Exactly the lines below, starting with the one containing "Thumbnail: 2026 Porsche Macan - 21" and going on through the one containing "Land Rover Defender 90 D300 X-DYNAMIC HSE 5", must be reproduced, both ends included, and no pictures with them.

§ Supplied data
━━━━━━━━━━━━━━━━
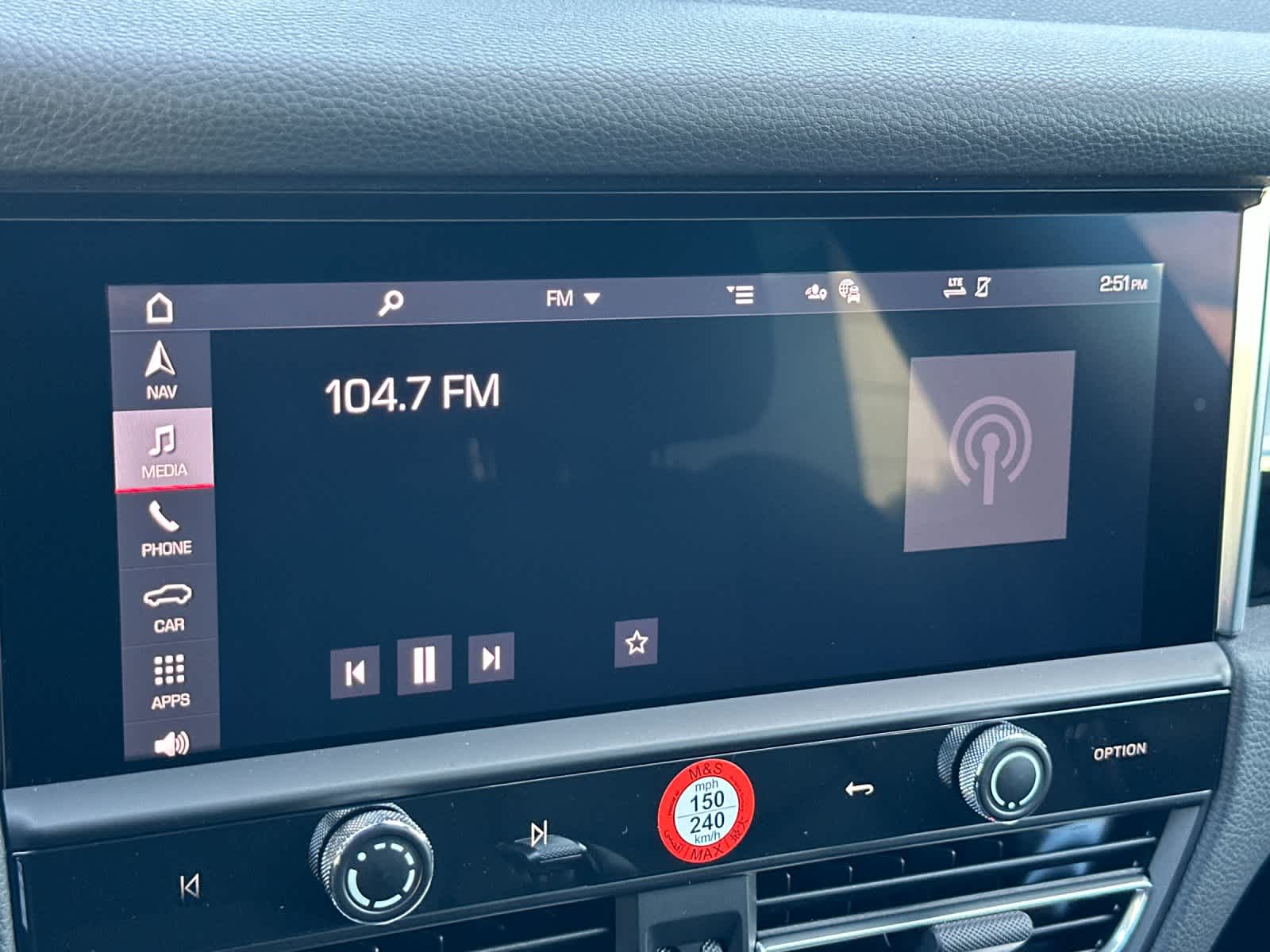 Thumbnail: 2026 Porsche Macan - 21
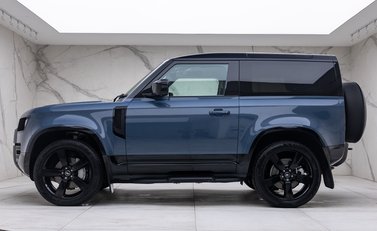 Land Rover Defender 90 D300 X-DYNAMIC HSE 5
━━━━━━━━━━━━━━━━
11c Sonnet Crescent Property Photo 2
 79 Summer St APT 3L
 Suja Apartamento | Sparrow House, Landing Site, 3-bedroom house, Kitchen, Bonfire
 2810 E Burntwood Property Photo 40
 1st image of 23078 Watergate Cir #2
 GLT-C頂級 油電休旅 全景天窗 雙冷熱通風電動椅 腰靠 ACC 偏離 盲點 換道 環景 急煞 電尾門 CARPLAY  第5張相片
━━━━━━━━━━━━━━━━
§ Exercise output
 Thumbnail: 2026 Porsche Macan - 21
 Land Rover Defender 90 D300 X-DYNAMIC HSE 5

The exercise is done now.